Zu den vorhergehenden Kapitelbeiträgen können Sie sich im Menue rechts in der Grafik „1000 Jahre Geschichte um Mitterfels“ durchklicken.
22 Der Streit um den Mitterfelser Galgen (1658 - 1677)
Während des Dreißigjährigen Krieges wurde vielleicht der Galgen gar nicht benützt. In dieser langen Zeit und den darauffolgenden armseligen Jahrzehnten ...
... fiel das Hochgericht (der Galgen) in sich zusammen, und die Richter stellten sich wohl gelegentlich die Frage, was geschehen sollte, wenn ein Dieb vor das Gericht käme.

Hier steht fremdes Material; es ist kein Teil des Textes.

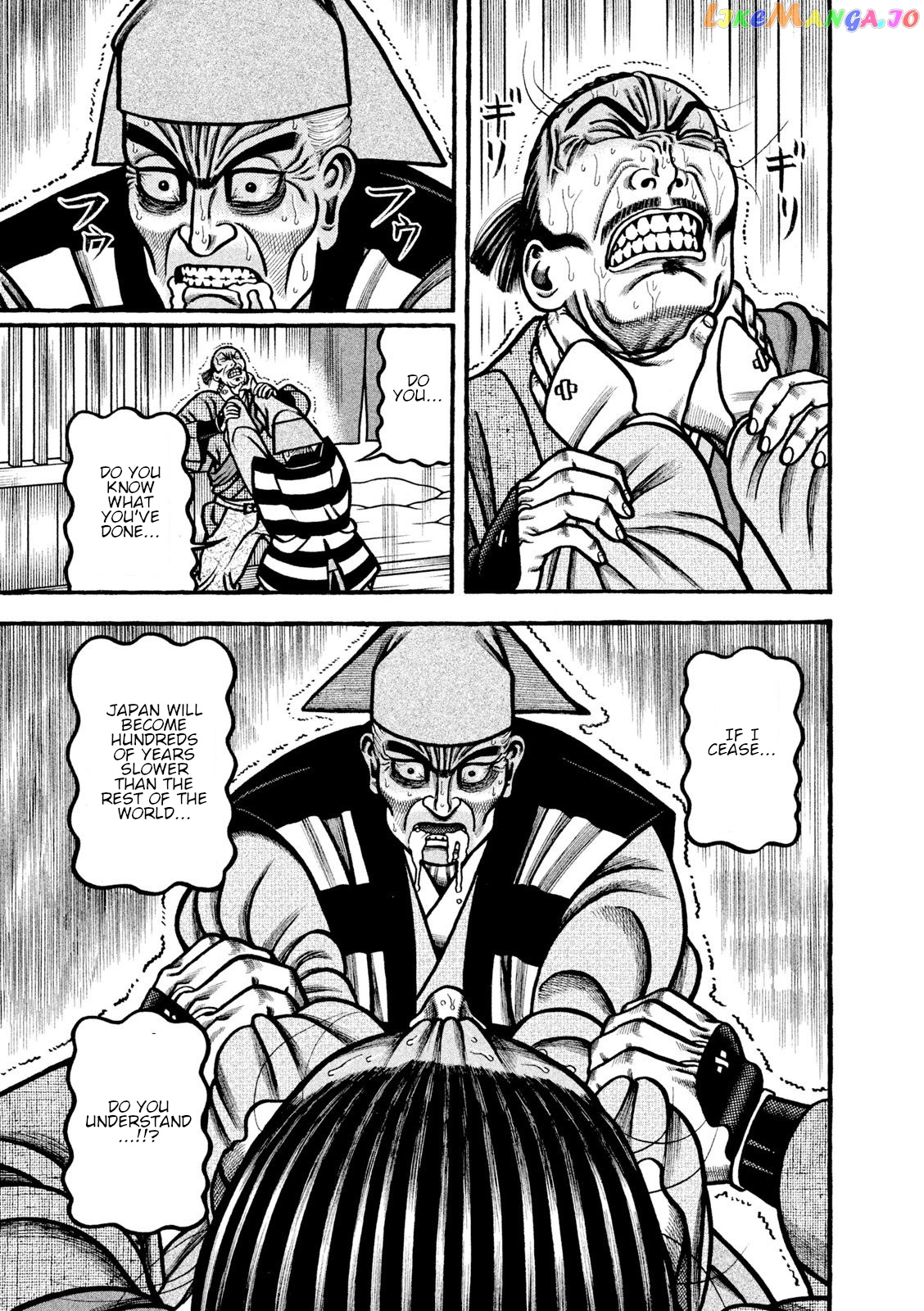 Hyougemono - Manga chapter 213 - page 7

Am 19. Juli 1658 stellte der Landrichter Dr. Christoph Sigersreutter bei der Regierung in Straubing den Antrag, es möchte doch von einem dortigen Zimmermeister ein Galgen verfertigt und nach Mitterfels gebracht werden, wo er dann, nach altem Brauch, von den Müllern des Gerichtsbezirks aufgestellt würde.

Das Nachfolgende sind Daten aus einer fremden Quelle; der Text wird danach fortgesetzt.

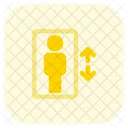 Elevator  Icon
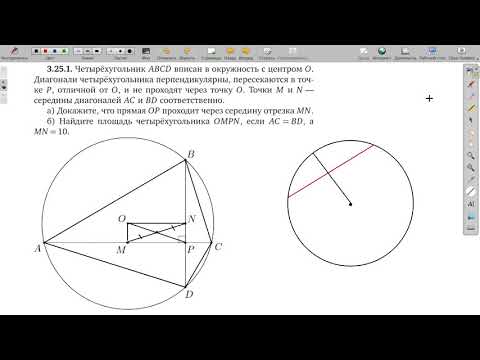 3.25.1. Планиметрия. Гордин Р.К.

Auf eine nochmalige Anfrage des Richters, am 15. Juli 1660, kam am 6. August ein Schreiben der Regierung, in dem stand: Der Rat von Straubing weigert sich, eine solche Arbeit seinen Zimmerern zu schaffen, nachdem sie, solange sich die Meister erinnern können, noch keinen Galgen gezimmert hätten. Auch aus früherer Zeit hat man nie von einem solchen Auftrag gehört. Den Galgen in Mitterfels werden seinerzeit wohl Zimmererleute aus dem Landgericht gemacht haben, was ja aus alten Rechnungen in der Registratur ersehen werden kann.

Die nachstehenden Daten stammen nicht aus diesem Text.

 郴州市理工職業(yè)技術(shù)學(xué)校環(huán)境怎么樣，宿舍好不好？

Man kann den Straubinger Zimmerern eine solche Arbeit nicht zumuten, nachdem der Pfleger von Mitterfels ja genug von diesen Handwerkern an der Hand habe.
1661, am 7. Juli, meldete das Amt in Mitterfels nach Straubing, weder in der Registratur des Gerichts noch in der von der Münchner Hofkammer fänden sich Rechnungen über einen Galgen; auch sei die Registratur in Mitterfels von den Schweden "distrahiert" worden. Vielleicht könnte man den Churfrt. Hofzimmermeister dahin bringen, dass er von sich aus den Galgen anfertige, vielleicht sogar auf Kosten seiner Churfrtl. Durchlaucht.
Es kommt zu einem geschäftigen Papierkrieg. Der Herr Hofzimmermeister will die Arbeit nicht übernehmen, ohne die Straubinger Zimmermeister zuvor zu hören. Die Zimmermeister des Marktes Bogen wollen sie nicht machen, wenn sie nicht vom "Handwerk" (der Zunft) in Straubing dazu aufgerufen werden. Übrigens müssten dann alle landgerichtlichen Zimmerer mithelfen. Sie schlagen vor, die Regierung sollte den Bürgermeister und den Rat der Stadt beauftragen, dem "Handwerk" zu behelfen, der Galgen solle durch die Zimmerleute von Bogen oder von Neukirchen aufgerichtet werden.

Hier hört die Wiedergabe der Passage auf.